#### [Task description]
The expected output is the full data, repeated exactly, without pictures.

#### [Working data]
[Start of section]
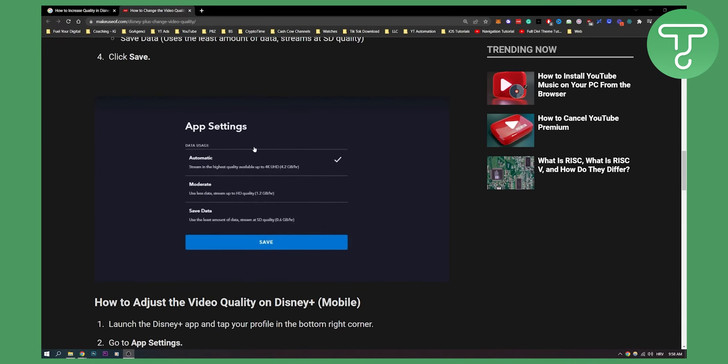As you can see, you have app settings. Automatic is for the best streaming quality, moderate is for the middle option, and save data is for the lowest quality possible. Click on automatic and click save.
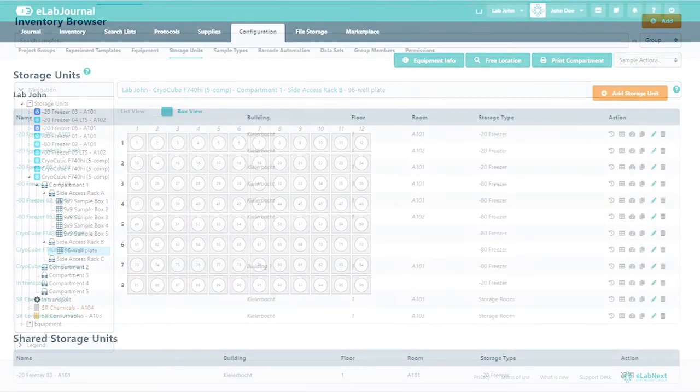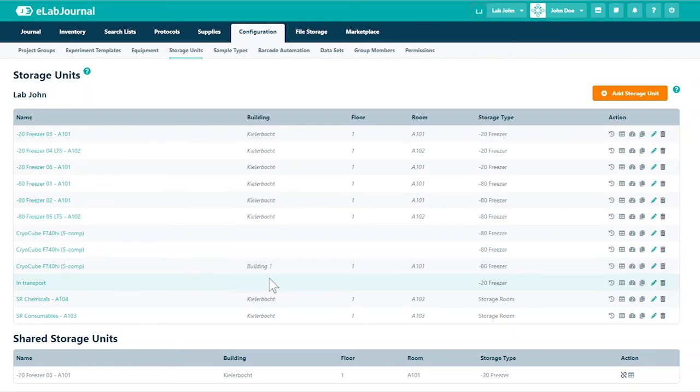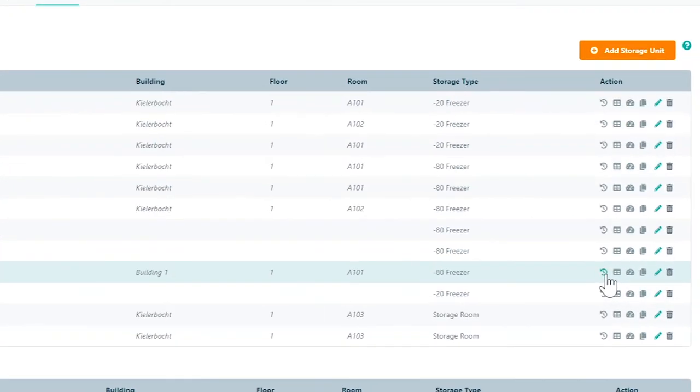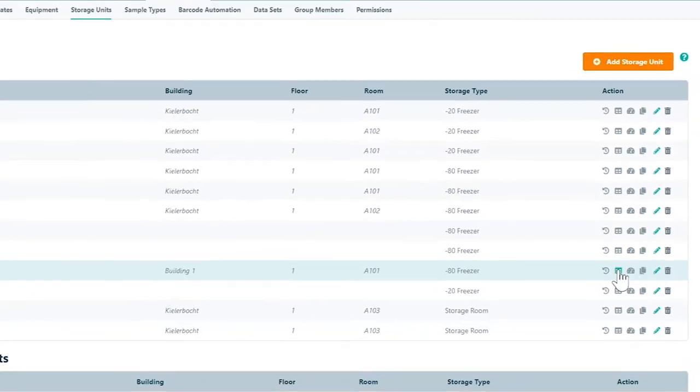If you need to modify the configuration of the storage unit, navigate to storage units in the configuration menu. From here you can create a reservation.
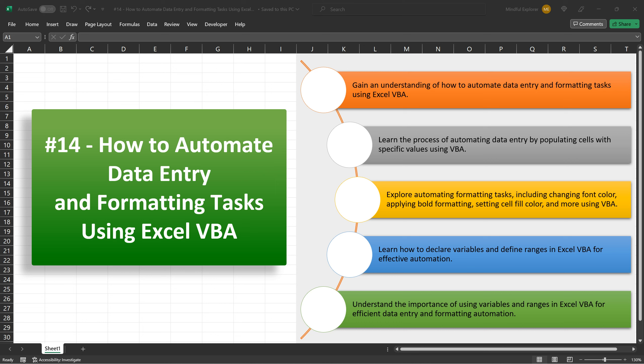Welcome to our Excel VBA tutorial series. In today's video, we'll explore how you can automate data entry and formatting tasks using Excel VBA. By the end of this tutorial, you'll gain an understanding of how to automate these tasks, declare variables, define ranges, and leverage the power of Excel VBA to save time and increase efficiency in your Excel workflow. Let's get started.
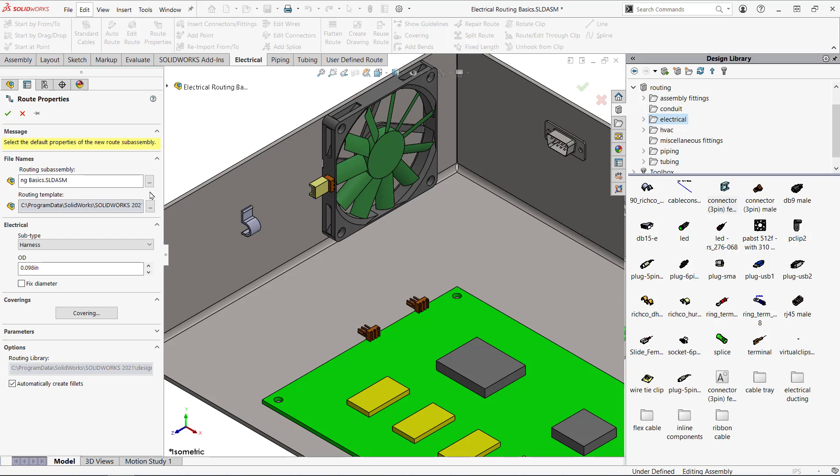The route properties opens up and here I can change the type of route and OD. I'll leave this as default.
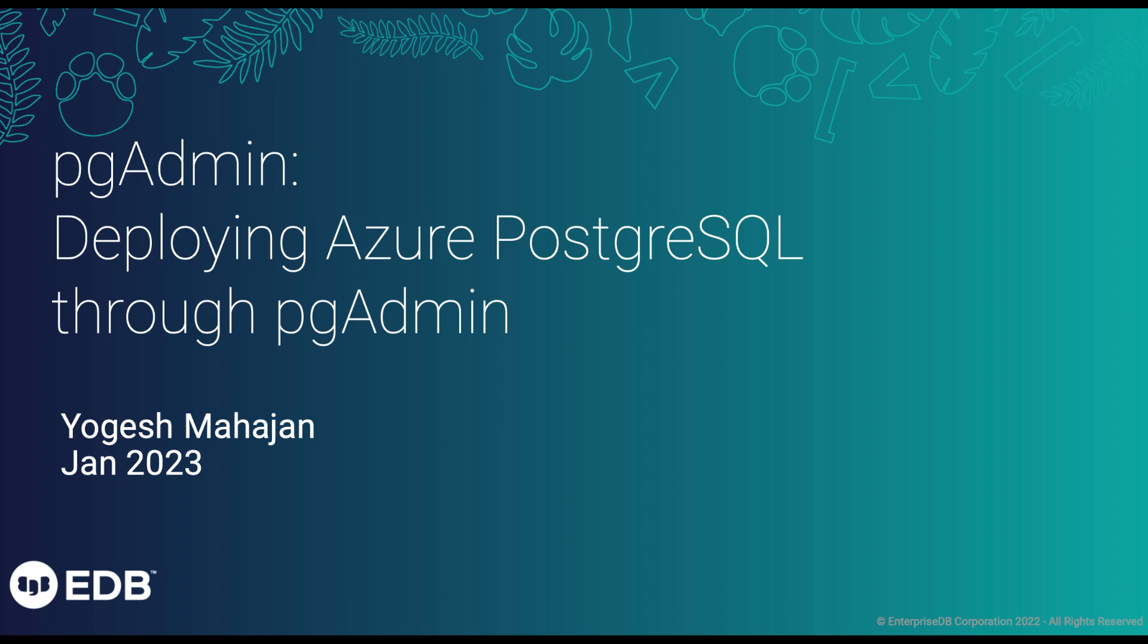Hi, in this video I am going to demonstrate the process of creating Azure PostgreSQL Server Cluster from pgAdmin. This feature is available in pgAdmin version 6.12 onwards and allows users to quickly create and start using PostgreSQL on Azure.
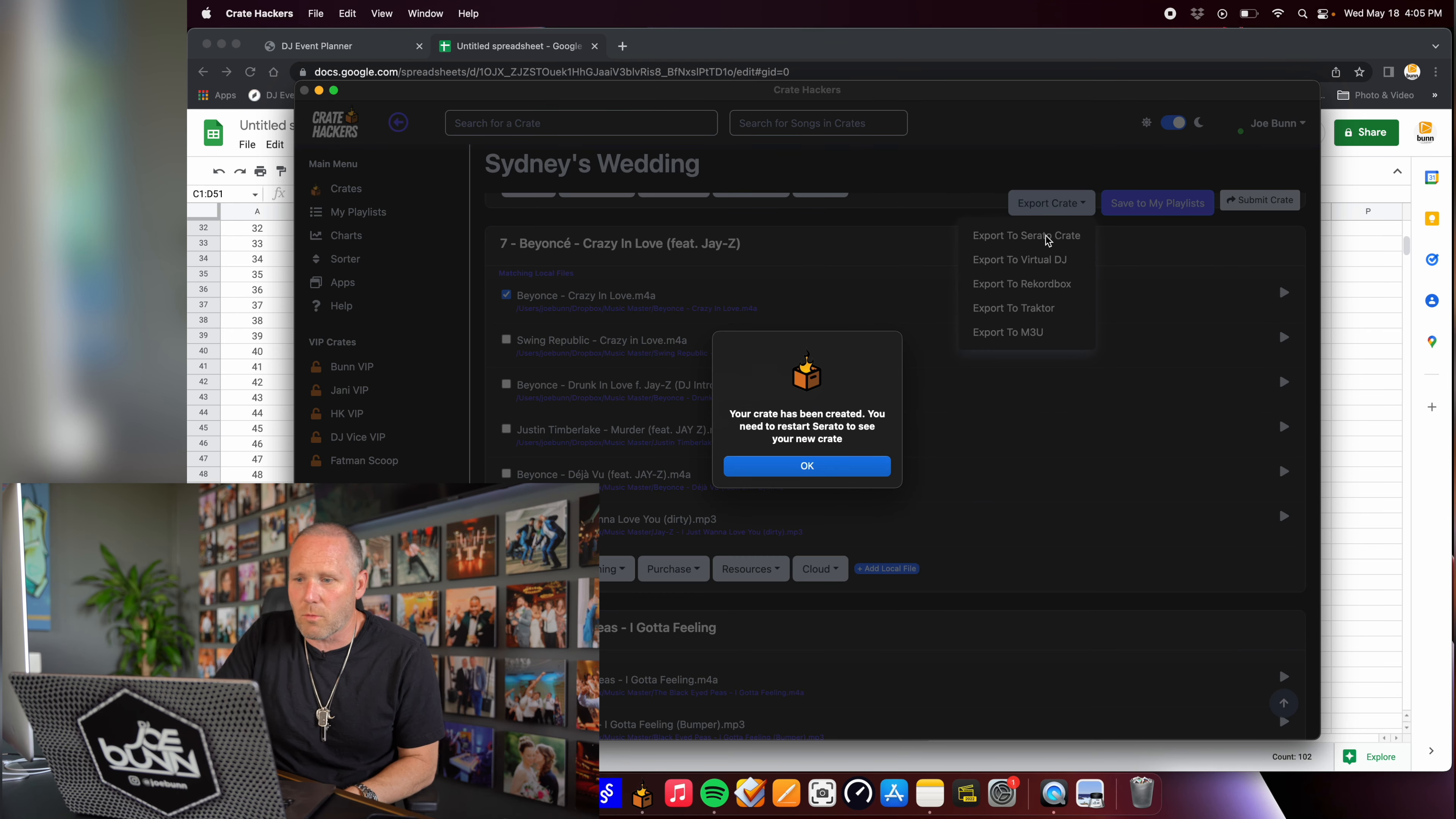Drum roll, please. And what do you know? Sydney's wedding right there with all of her songs. How much time did I just save using Crate Hackers? Get it right now. Let's go.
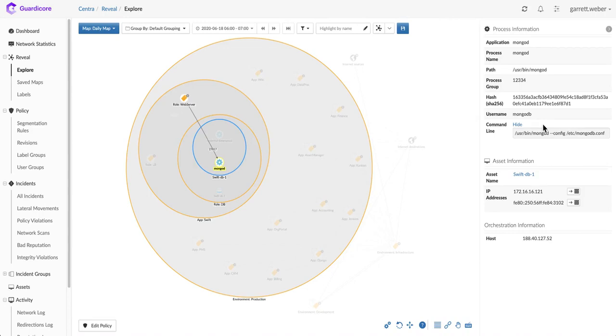This gives you the right level of context to make informed decisions about your segmentation policies before you put them in place. You can have confidence that the rule you're putting in place will not impact a business process within your environment.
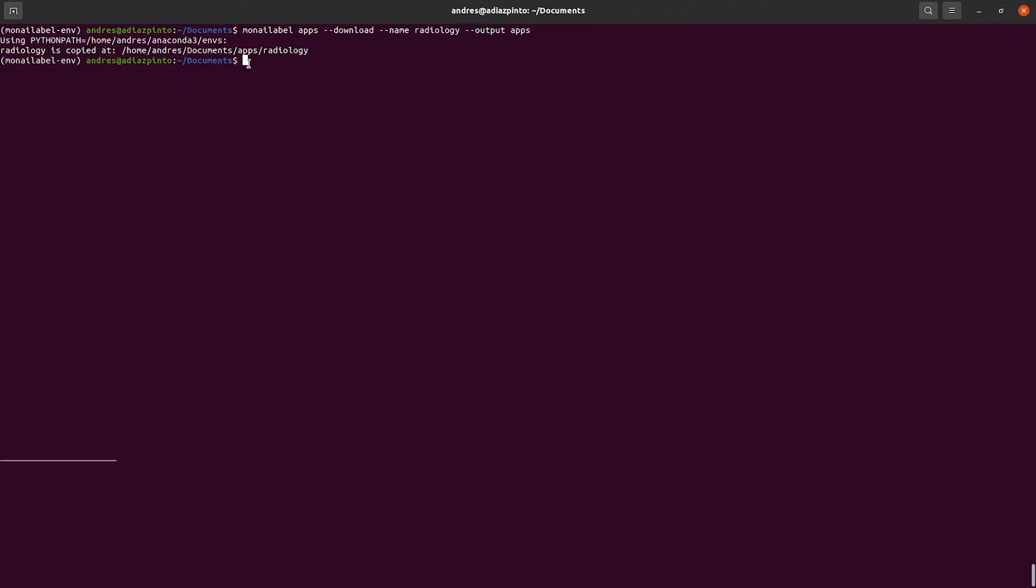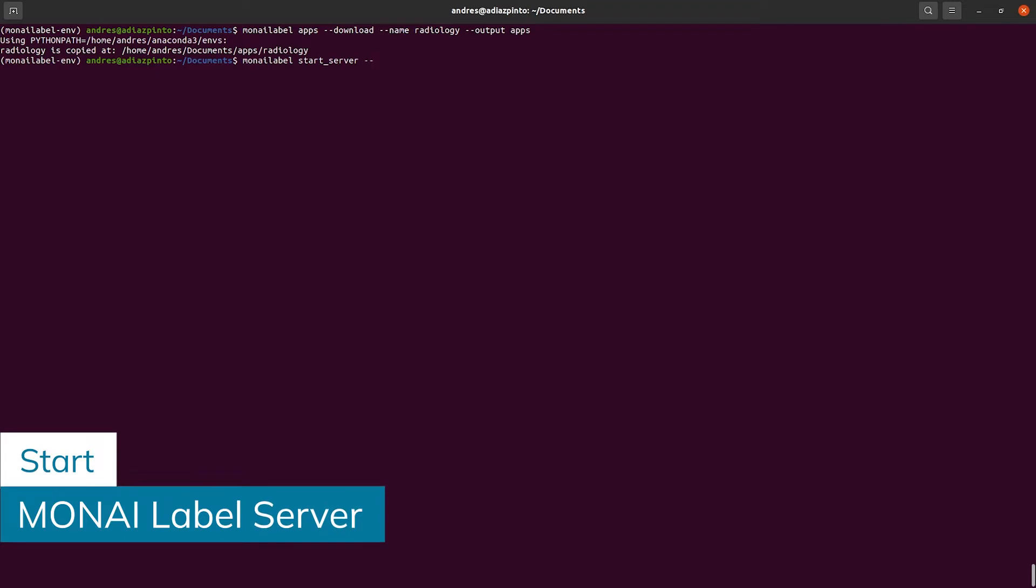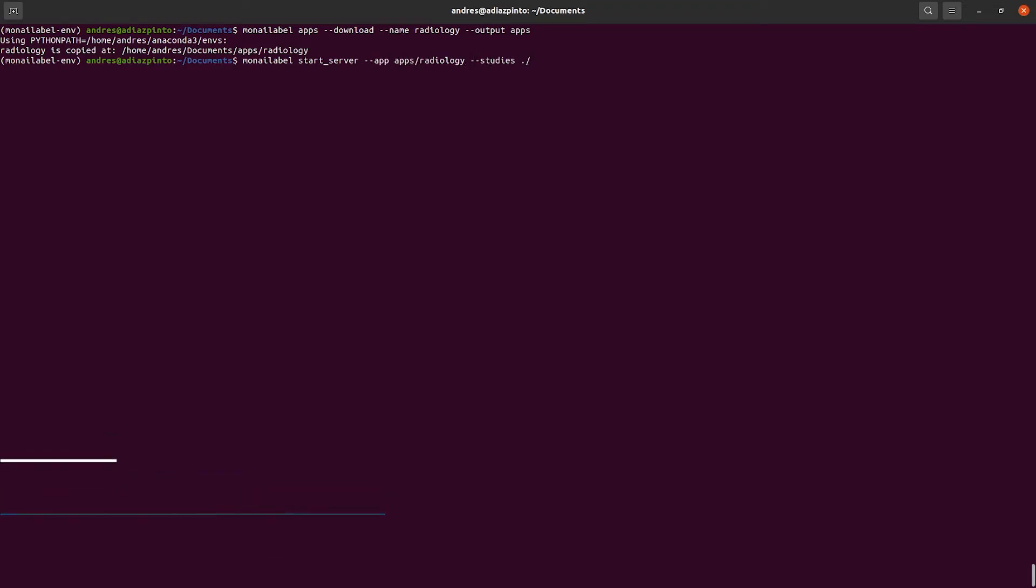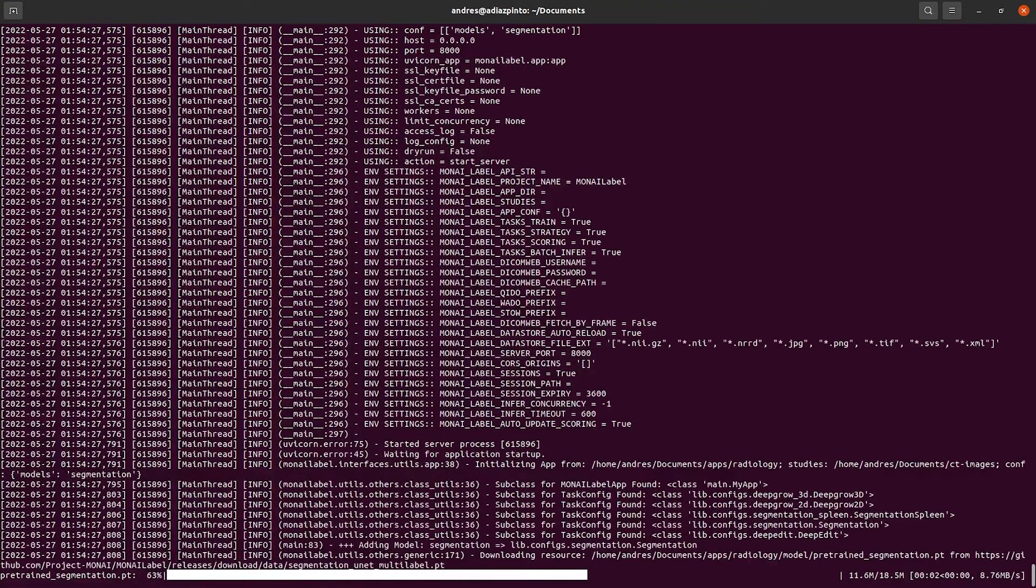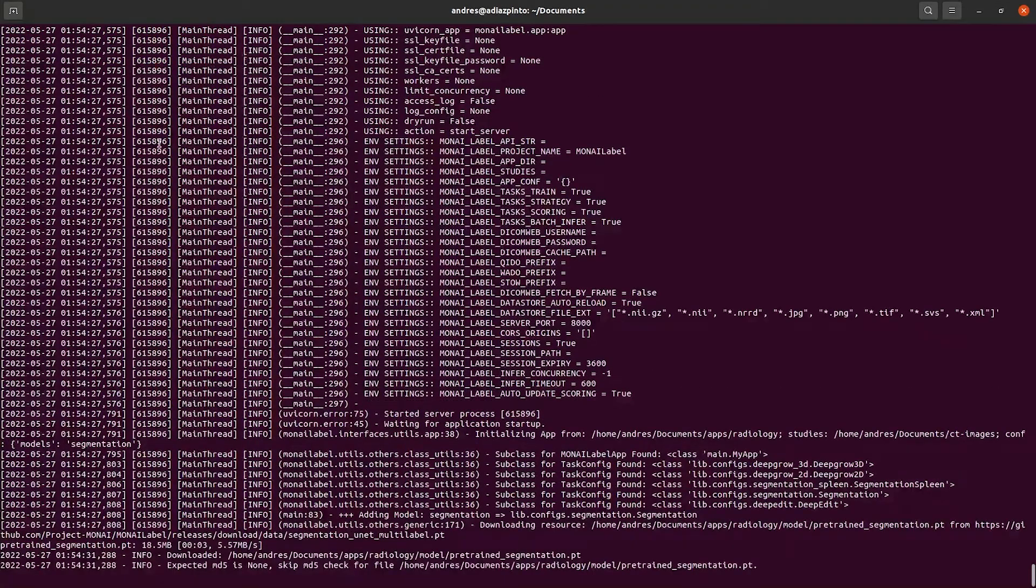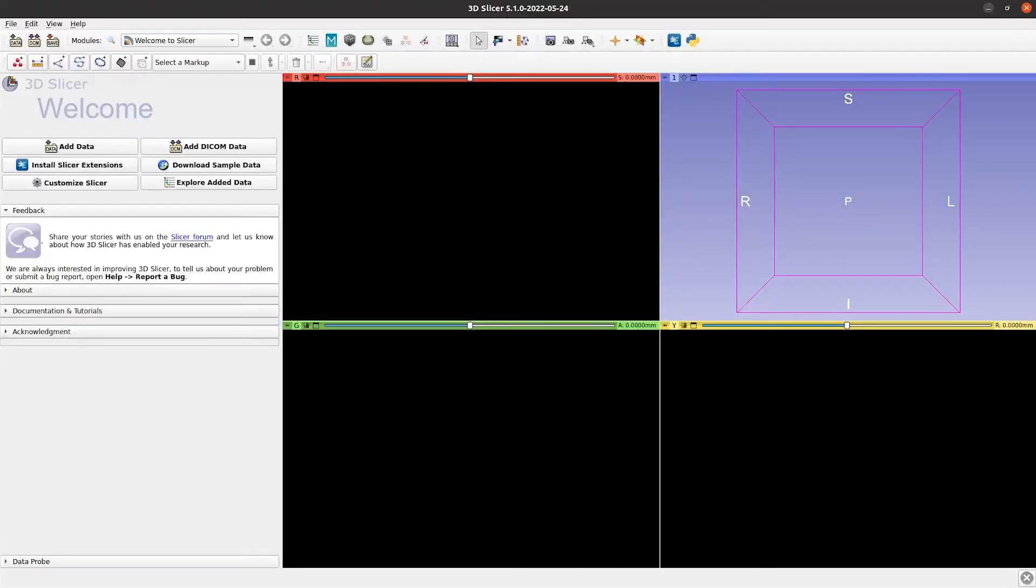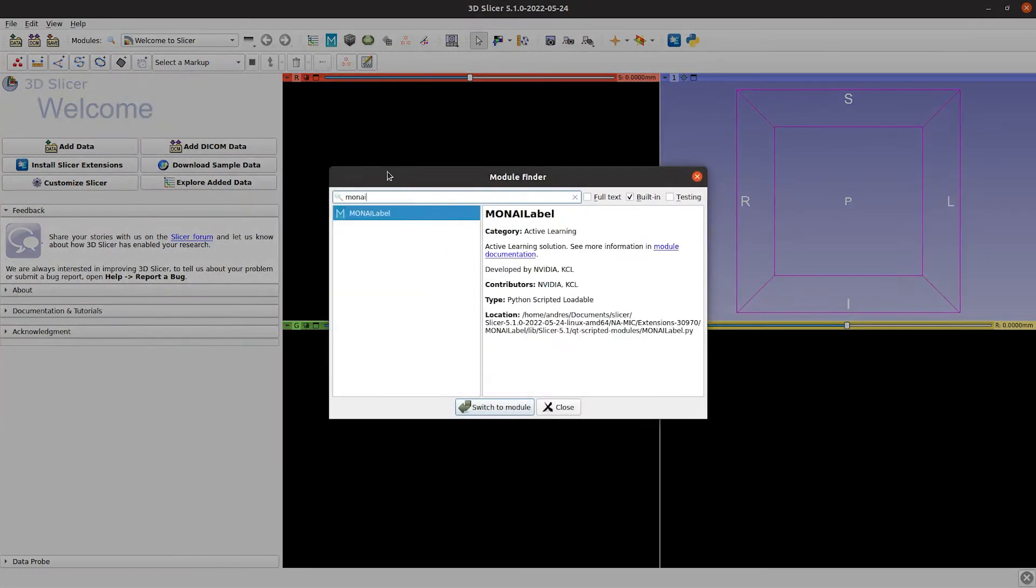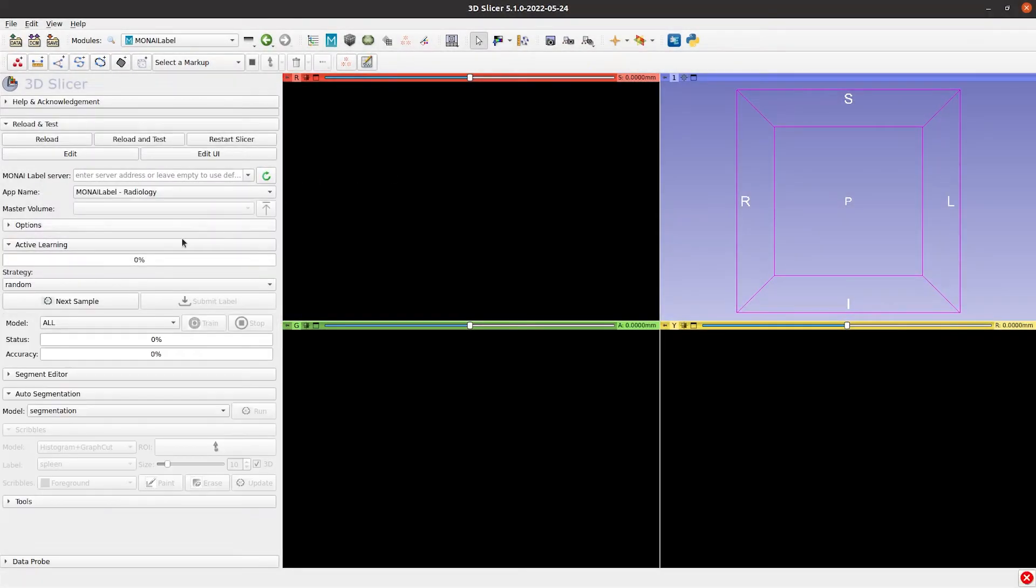With all this, we have everything we need to start the MONAI label server. As always, once we start the server, we go to Slicer, search for the MONAI label module, connect to the server, and fetch the next sample.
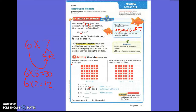Six times seven is the same thing as thirty plus twelve. Thirty plus twelve — two and zero is two, three and one is four — so six times seven equals forty-two. Mark spent forty-two dollars for his new fish.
[End of section]
#### [Written response]
As you can see, you have app settings. Automatic is for the best streaming quality, moderate is for the middle option, and save data is for the lowest quality possible. Click on automatic and click save.
If you need to modify the configuration of the storage unit, navigate to storage units in the configuration menu. From here you can create a reservation.
Welcome to our Excel VBA tutorial series. In today's video, we'll explore how you can automate data entry and formatting tasks using Excel VBA. By the end of this tutorial, you'll gain an understanding of how to automate these tasks, declare variables, define ranges, and leverage the power of Excel VBA to save time and increase efficiency in your Excel workflow. Let's get started.
The route properties opens up and here I can change the type of route and OD. I'll leave this as default.
Hi, in this video I am going to demonstrate the process of creating Azure PostgreSQL Server Cluster from pgAdmin. This feature is available in pgAdmin version 6.12 onwards and allows users to quickly create and start using PostgreSQL on Azure.
Drum roll, please. And what do you know? Sydney's wedding right there with all of her songs. How much time did I just save using Crate Hackers? Get it right now. Let's go.
This gives you the right level of context to make informed decisions about your segmentation policies before you put them in place. You can have confidence that the rule you're putting in place will not impact a business process within your environment.
With all this, we have everything we need to start the MONAI label server. As always, once we start the server, we go to Slicer, search for the MONAI label module, connect to the server, and fetch the next sample.
Six times seven is the same thing as thirty plus twelve. Thirty plus twelve — two and zero is two, three and one is four — so six times seven equals forty-two. Mark spent forty-two dollars for his new fish.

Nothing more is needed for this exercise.